Study objectives: To determine, in patients who had successful outcomes in spontaneous breathing trials (SBTs), whether the analysis of the minute ventilation (V̇e) recovery time obtained by minute-by-minute sequential monitoring after placing the patient back on mechanical ventilation (MV) may be useful in predicting extubation outcome.
Design: Twelve-month prospective observational study.
Setting: Medical-surgical ICU of a university hospital.
Patients: Ninety-three patients receiving > 48 h of MV.
Interventions: Baseline respiratory parameters (ie, respiratory rate, tidal volume, and V̇e) were measured under pressure support ventilation prior to the SBT. After tolerating the SBT, patients again received MV with their pre-SBT ventilator settings, and respiratory parameters were recorded minute by minute.

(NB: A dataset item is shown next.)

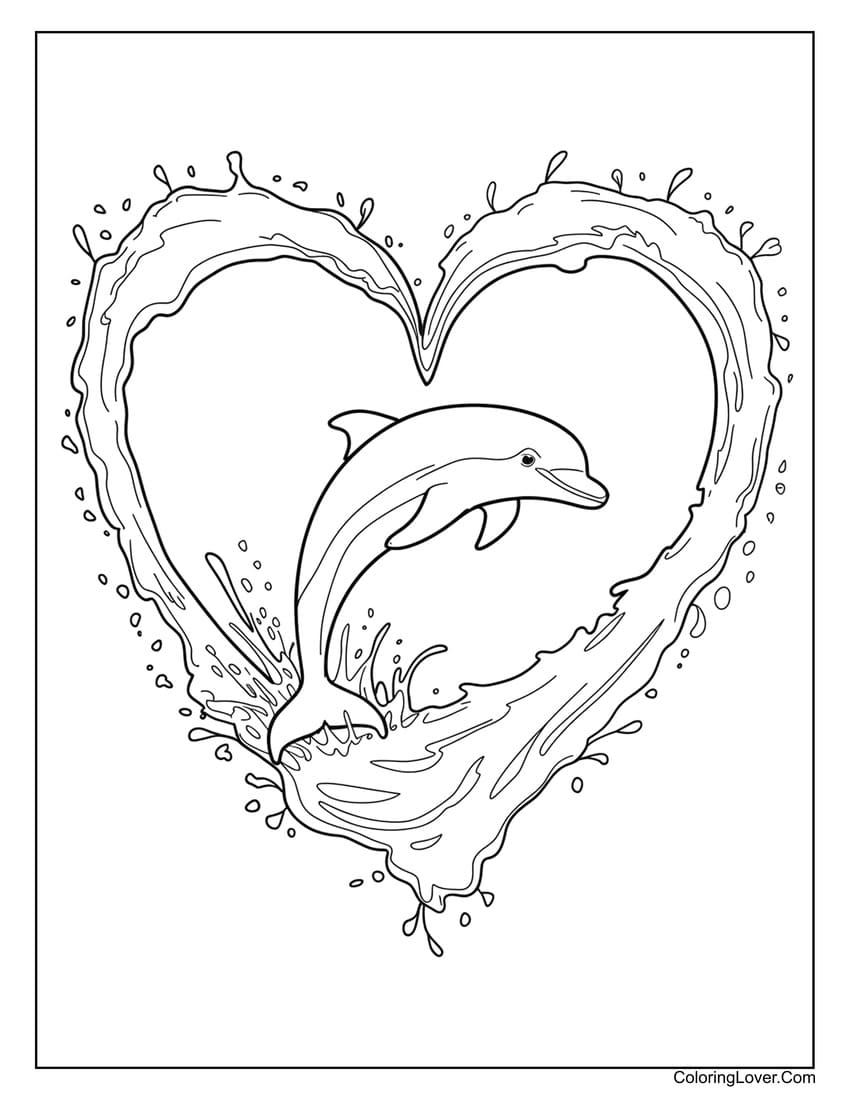 dolphin coloring pages jumping in a heart_7875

Measurements and results: Seventy-four patients (80%) were successfully extubated, and 19 patients (20%) were reintubated. Reintubated patients were similar to non-reintubated patients in baseline respiratory parameters and baseline variables, except for age and COPD diagnosis. The recovery time needed to reduce V̇e to half the difference between the V̇e measured at the end of a successful SBT and basal V̇e (RT50%ΔV̇e) was lower in patients who had undergone successful extubation than in those who had failed extubation (mean [± SD] time, 2.7 ± 1.2 vs 10.8 ± 8.4 min, respectively; p < 0.001). Multiple logistic regression adjusted for age, sex, comorbid status, diagnosis (ie, neurocritical vs other), and severity of illness revealed that neurocritical disease (odds ratio [OR], 7.6; p < 0.02) and RT50%ΔV̇e (OR, 1.7; p < 0.01) were independent predictors of extubation outcome. The area under the receiver operating characteristic curve for the predictive model was 0.89 (95% confidence interval, 0.81 to 0.96).
Conclusion: Determination of the RT50%ΔV̇e at the bedside may be a useful adjunct in the decision to extubate, with better results found in nonneurocritical patients.